Esta breve introdução se justifica para entendermos uma das mais importantes e fundamentais razões, que explicam o intrincado processo de crise financeira e industrial, pela qual passamos nos dias de hoje. Economistas do mundo inteiro concordam que a crise imobiliária nos Estados Unidos foi o que desencadeou a atual crise mundial. A crise teve origem no excesso de crédito disponível. Como podemos entender isto sob a ótica de marketing? O excesso de crédito disponível está para um banco, assim como o excesso de estoque está para uma indústria ou comércio. A estratégia mais comum para dar vazão aos estoques é a promoção e a redução de preços. Embora sejam estratégias consagradas, existem momentos em que isto é o mesmo que dizer ao consumidor: “Compre porque é barato. Compre mesmo que não satisfaça seus desejos.

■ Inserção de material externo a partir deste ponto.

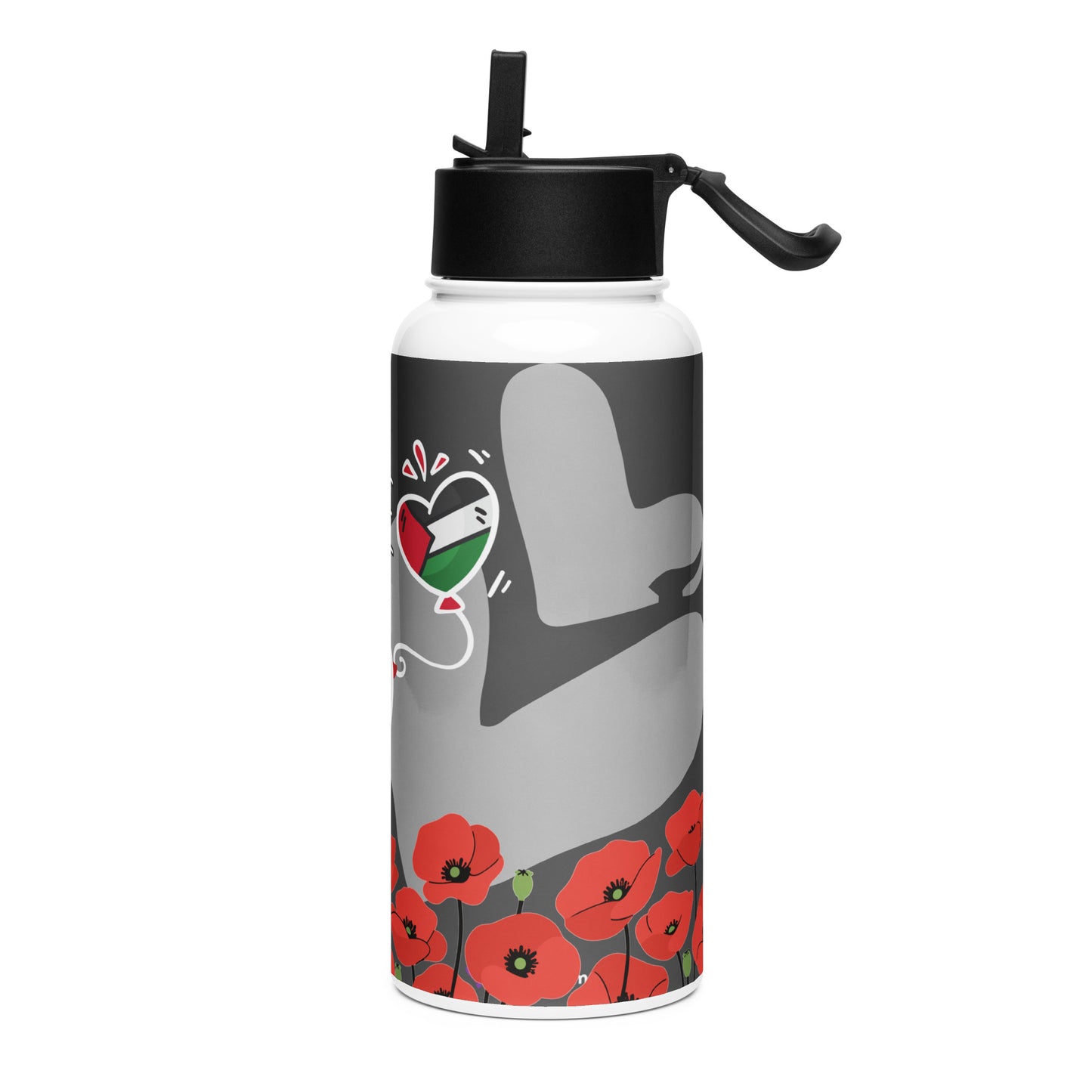 Palestine Stainless steel water bottle with a straw lid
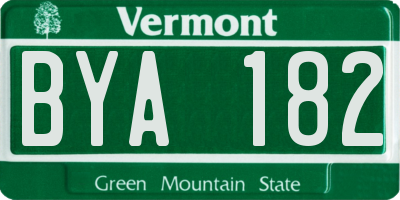 VT license plate BYA182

Compre sem ter necessidade. Compre mesmo sabendo que não terá vantagem alguma”. O mercado imobiliário americano foi, por vários anos, dominado por estratégias agressivas de vendas; muitas delas podem ser consideradas até um “goela abaixo”. Não podemos esquecer, entretanto, que consumidores se arrependem com facilidade. No Brasil, o direito ao arrependimento é previsto no código de defesa do consumidor. Você não se arrependeria após comprar uma casa com financiamento de 20 anos, sabendo que dois anos depois existiriam casas melhores no mesmo bairro por um terço do preço? E se lhe fosse oferecida aquela nova casa sob o argumento de que você não precisa mais pagar aquele financiamento, por se tratar de contrato hipotecário onde a falta de pagamento resulta apenas na devolução do bem sem nenhuma outra penalidade? Nestas circunstâncias, além de uma casa nova, o consumidor é presenteado com a saborosa sensação de levar vantagem. Uma vantagem com sabor de vingança contra as instituições financeiras que, ao longo de décadas, não atentaram para a relação de troca com vantagem mútua.